*What you are asked to do:* Give the listing again in full, exactly as written.

*Collected material:*
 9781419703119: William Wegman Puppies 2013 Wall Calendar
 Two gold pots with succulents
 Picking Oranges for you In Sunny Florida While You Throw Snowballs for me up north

*Problem solution:*
 9781419703119: William Wegman Puppies 2013 Wall Calendar
 Two gold pots with succulents
 Picking Oranges for you In Sunny Florida While You Throw Snowballs for me up north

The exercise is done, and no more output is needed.